▸ How to complete this task: Where the string "Story" occurs in a line of the data below, that line should be copied.
=======
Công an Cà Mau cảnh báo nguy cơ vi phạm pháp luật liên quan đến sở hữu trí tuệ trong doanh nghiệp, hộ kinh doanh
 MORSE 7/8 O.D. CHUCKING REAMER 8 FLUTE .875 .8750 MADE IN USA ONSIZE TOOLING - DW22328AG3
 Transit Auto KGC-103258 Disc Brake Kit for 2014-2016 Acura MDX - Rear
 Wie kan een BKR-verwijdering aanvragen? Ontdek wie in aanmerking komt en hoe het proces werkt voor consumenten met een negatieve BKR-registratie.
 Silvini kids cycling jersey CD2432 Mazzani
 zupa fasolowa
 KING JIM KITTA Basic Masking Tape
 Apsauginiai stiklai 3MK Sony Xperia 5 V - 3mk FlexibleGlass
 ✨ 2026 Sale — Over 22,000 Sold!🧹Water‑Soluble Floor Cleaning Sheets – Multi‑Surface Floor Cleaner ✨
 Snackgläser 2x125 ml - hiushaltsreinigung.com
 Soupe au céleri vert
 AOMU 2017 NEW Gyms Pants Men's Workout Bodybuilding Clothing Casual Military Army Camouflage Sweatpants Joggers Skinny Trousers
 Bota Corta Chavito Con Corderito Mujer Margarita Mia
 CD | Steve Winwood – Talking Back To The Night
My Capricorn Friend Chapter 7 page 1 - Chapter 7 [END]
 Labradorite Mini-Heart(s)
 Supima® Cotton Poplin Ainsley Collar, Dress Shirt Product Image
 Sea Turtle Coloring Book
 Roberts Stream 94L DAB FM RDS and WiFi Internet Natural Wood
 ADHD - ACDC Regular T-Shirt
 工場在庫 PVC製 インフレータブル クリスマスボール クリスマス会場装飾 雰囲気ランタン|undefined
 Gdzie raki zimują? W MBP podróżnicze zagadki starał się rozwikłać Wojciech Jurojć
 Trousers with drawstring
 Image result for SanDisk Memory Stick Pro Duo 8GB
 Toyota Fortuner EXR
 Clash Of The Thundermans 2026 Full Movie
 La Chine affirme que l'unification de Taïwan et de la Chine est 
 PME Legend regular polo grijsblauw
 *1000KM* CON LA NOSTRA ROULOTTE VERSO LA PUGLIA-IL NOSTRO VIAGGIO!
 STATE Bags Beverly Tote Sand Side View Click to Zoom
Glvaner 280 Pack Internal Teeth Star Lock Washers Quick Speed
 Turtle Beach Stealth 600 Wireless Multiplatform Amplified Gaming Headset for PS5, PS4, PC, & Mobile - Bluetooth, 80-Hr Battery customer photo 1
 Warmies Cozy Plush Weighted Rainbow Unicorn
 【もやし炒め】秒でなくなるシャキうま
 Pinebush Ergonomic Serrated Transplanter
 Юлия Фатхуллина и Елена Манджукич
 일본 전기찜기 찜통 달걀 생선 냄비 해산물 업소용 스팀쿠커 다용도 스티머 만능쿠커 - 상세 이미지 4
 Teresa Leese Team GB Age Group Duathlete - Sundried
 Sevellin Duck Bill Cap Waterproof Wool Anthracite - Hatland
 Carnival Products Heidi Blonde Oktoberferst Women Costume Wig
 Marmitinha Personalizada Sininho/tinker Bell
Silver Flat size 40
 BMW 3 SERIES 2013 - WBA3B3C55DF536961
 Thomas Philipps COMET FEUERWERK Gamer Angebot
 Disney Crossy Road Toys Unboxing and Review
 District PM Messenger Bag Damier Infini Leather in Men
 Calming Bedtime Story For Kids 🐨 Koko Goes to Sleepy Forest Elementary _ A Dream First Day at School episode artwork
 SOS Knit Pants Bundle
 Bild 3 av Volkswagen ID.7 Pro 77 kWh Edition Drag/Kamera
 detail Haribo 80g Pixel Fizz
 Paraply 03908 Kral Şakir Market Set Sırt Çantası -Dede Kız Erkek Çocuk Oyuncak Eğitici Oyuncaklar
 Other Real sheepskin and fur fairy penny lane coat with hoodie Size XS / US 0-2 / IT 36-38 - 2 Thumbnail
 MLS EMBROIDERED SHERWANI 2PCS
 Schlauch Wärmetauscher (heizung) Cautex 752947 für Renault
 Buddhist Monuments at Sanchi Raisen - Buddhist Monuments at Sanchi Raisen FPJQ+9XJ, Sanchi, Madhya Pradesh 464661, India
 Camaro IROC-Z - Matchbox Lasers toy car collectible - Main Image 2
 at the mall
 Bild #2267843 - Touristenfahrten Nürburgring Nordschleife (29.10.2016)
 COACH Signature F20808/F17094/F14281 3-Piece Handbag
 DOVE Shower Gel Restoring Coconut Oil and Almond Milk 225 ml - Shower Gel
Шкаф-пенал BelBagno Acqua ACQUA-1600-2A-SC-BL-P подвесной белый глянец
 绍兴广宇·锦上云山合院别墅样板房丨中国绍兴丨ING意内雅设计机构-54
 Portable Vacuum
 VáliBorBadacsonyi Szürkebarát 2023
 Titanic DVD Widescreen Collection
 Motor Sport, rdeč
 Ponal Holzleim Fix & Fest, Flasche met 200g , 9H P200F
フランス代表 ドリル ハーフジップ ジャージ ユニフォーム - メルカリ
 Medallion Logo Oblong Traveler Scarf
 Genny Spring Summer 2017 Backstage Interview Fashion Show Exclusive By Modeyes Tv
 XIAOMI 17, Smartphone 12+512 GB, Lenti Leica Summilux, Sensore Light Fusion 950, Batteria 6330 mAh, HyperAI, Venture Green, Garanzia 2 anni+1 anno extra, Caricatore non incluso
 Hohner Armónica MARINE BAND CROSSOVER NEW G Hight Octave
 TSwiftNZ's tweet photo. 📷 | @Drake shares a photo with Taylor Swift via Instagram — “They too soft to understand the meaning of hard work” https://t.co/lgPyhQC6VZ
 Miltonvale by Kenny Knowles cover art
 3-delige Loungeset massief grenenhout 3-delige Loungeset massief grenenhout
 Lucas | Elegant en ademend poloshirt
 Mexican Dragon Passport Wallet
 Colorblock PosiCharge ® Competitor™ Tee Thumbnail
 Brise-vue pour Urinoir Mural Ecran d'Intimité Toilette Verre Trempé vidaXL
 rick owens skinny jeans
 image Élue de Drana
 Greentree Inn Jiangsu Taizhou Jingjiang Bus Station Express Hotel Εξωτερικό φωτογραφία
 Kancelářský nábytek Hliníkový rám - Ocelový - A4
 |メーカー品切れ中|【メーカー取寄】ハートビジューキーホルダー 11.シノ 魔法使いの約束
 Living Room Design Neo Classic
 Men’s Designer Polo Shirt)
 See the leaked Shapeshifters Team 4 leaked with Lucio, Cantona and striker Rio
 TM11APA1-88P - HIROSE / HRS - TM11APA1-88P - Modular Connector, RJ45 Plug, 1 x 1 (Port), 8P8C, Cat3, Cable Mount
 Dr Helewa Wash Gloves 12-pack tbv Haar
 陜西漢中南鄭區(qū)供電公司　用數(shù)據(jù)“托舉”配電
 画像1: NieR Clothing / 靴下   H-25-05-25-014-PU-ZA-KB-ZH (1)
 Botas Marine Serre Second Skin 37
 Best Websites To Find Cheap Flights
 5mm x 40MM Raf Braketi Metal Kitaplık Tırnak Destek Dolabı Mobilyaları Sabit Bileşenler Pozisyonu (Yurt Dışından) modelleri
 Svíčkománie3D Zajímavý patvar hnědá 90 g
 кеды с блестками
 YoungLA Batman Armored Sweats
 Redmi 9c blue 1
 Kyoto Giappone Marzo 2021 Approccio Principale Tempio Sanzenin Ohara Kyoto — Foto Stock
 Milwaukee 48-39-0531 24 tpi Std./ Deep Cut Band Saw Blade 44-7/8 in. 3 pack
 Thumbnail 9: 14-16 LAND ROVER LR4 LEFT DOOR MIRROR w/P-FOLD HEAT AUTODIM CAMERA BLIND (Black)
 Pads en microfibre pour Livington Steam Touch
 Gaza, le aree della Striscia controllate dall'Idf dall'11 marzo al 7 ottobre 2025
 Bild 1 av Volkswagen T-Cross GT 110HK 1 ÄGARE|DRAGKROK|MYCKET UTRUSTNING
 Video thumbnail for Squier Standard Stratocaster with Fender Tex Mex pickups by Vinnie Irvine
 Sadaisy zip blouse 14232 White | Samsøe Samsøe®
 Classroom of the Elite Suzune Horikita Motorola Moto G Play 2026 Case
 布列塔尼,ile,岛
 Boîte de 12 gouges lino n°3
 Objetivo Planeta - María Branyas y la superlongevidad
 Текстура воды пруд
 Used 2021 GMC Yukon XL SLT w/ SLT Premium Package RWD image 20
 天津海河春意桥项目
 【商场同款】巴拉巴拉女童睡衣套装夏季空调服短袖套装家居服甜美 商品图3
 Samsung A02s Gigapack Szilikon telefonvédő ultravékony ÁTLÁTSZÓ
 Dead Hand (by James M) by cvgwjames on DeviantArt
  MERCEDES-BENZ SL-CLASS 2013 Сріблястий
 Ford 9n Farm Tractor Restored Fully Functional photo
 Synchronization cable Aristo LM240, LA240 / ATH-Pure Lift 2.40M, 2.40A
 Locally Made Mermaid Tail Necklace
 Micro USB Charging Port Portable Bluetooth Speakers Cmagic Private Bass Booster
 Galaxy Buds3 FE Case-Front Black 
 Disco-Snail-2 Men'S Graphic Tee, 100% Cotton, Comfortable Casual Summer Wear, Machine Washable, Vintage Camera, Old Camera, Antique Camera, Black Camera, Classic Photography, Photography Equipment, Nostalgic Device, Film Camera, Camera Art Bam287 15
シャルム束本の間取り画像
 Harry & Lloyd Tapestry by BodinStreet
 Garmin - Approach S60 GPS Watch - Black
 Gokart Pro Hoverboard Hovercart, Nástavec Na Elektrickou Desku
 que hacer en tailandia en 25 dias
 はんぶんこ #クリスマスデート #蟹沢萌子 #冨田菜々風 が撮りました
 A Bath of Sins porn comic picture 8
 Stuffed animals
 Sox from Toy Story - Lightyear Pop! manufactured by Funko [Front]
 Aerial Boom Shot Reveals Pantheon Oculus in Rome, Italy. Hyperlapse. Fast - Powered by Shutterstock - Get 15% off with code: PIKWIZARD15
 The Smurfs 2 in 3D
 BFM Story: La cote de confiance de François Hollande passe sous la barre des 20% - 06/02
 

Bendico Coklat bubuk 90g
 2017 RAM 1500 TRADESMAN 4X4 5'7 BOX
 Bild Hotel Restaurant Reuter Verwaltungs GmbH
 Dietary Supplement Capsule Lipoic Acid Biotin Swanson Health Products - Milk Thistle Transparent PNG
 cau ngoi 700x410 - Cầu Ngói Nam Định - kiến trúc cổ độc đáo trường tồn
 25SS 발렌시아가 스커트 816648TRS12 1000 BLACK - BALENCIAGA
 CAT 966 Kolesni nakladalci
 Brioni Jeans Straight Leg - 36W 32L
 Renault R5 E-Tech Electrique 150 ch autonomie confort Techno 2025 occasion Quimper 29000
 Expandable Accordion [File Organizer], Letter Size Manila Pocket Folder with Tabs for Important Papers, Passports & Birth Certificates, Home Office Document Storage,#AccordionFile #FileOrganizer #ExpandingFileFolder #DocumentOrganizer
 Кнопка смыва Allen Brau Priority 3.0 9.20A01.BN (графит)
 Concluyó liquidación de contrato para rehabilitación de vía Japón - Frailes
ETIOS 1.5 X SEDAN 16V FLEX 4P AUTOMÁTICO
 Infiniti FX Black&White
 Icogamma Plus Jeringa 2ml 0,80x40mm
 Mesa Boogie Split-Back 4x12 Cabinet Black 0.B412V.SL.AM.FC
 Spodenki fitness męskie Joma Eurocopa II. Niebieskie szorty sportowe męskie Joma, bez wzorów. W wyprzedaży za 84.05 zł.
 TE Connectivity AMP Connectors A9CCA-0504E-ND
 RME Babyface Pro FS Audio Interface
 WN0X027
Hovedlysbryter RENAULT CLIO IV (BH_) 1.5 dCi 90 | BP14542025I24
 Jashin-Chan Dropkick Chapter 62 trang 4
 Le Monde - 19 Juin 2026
=======
▸ Answer space:
 Calming Bedtime Story For Kids 🐨 Koko Goes to Sleepy Forest Elementary _ A Dream First Day at School episode artwork
 Sox from Toy Story - Lightyear Pop! manufactured by Funko [Front]
 BFM Story: La cote de confiance de François Hollande passe sous la barre des 20% - 06/02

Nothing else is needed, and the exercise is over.